The bankruptcy plan allows former customers to recover roughly 119% of what had been in their accounts when FTX filed for Chapter 11 bankruptcy in November 2022. The oversize sum – between $14.7 billion and $16.5 billion altogether – is because crypto values prices have risen significantly since FTX’s bankruptcy. Bitcoin, the most prominent cryptocurrency, has more than tripled in value.
Creditors will receive their funds 60 days after the plan is declared effective. That date has yet to be set.
“Today's achievement is only possible because of the experience and tireless work of the team of professionals supporting this case, who have recovered billions of dollars by rebuilding FTX's books from the ground up and from there marshaling assets from around the globe,” FTX CEO and restructuring chief John J. Ray said in a prepared statement. “It also reflects the strong collaboration we have had with governments and agencies from around the world that share our goal of mitigating the wrongdoings of the FTX insiders.”
Ray, who also had a hand in the Enron bankruptcy case, called the FTX bankruptcy estate asset distribution “the largest and most complex” in history.
“The estate is working to finalize arrangements to make distributions to creditors across more than 200 jurisdictions around the world,” he said. “In preparation for this process, we are finalizing agreements to retain specialized agents to assist us in getting recoveries to customers around the world as safely and expeditiously as possible.”

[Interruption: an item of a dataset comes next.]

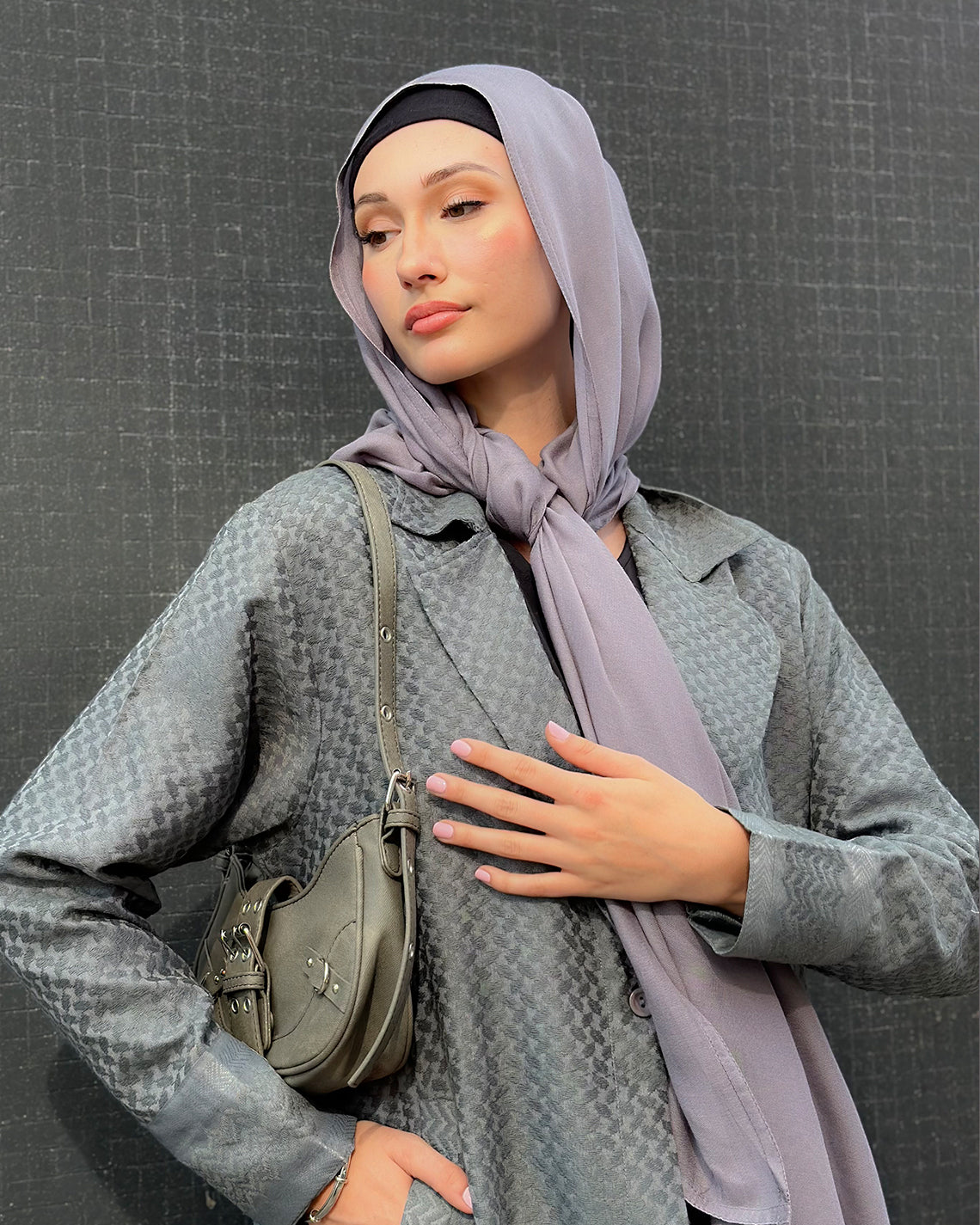 Woman wearing a gray coat and light purple maxi jersey hijab with a green bag against a dark background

FTX had an $8 billion hole in its balance sheet when it filed for bankruptcy, and Ray, early on, described what he found in FTX post-bankruptcy as “a complete failure of corporate controls.”

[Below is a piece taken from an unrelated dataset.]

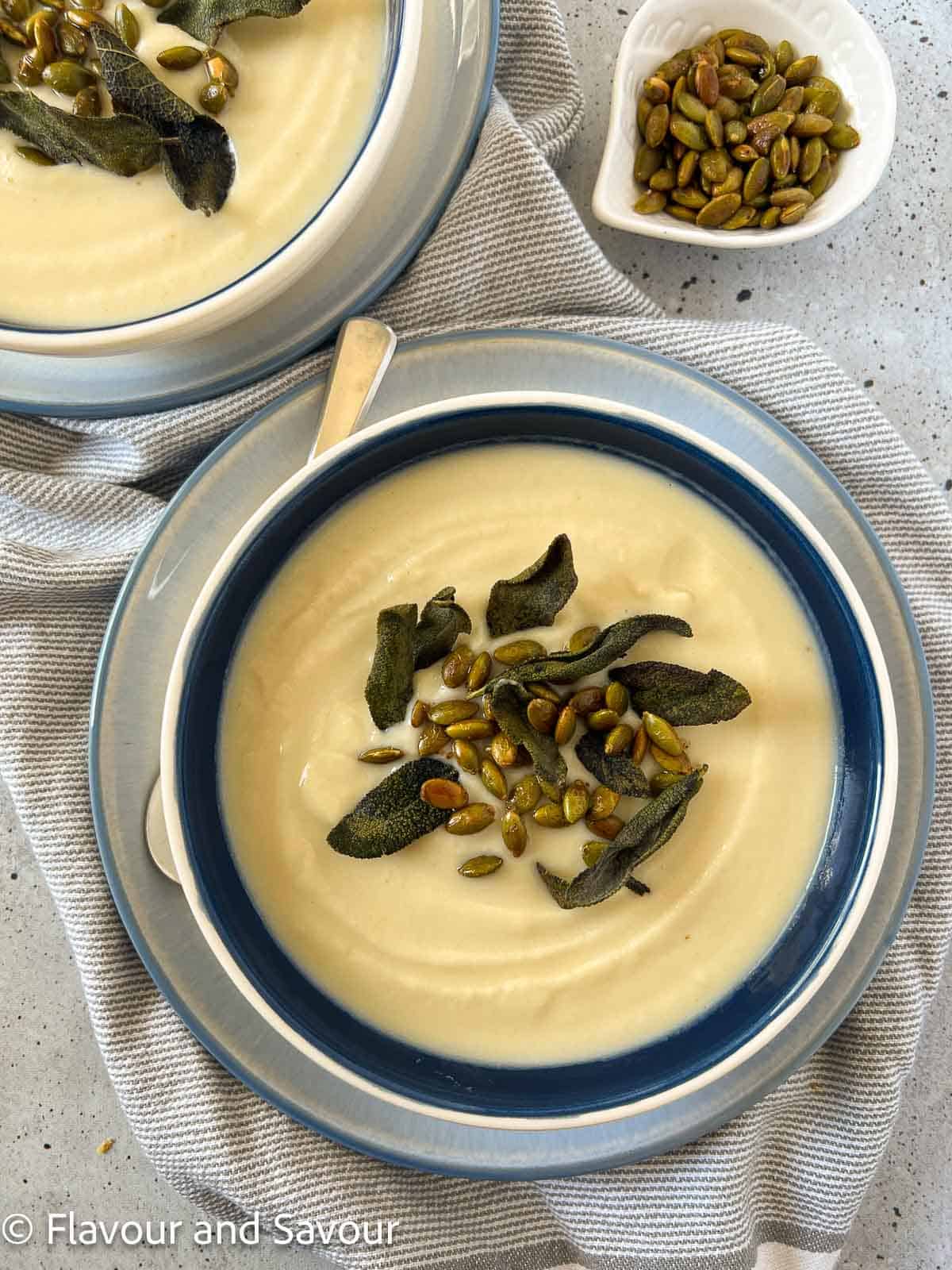 Two bowls of roasted cauliflower soup garnished with toasted sage leaves and spiced pumpkin seeds.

“It’s an extensive list, it really crosses the entire spectrum of the company,” Ray said in his December 2022 testimony to Congress. “From lack of lists of bank accounts, hundreds of bank accounts dispersed all over the world; lack of a complete list of employees and their functions by a group or name. Extensive use of independent contractors as opposed to employees. Lack of insurance that you normally would see in certain businesses, either inadequate insurance or complete gaps in insurance. For instance, the Alameda silo had no insurance whatsoever. The list goes on and on.”
FTX’s crimes, he said, weren’t sophisticated. They were “just plain old embezzlement.”
The approved bankruptcy plan allows FTX to repay customers ahead of the government. However, creditor attorney David Adler told Reuters that not all creditors are satisfied with the plan. The sharp increase in the value of cryptocurrencies like Bitcoin makes it hard for creditors to believe they’re getting all of their money back, he said.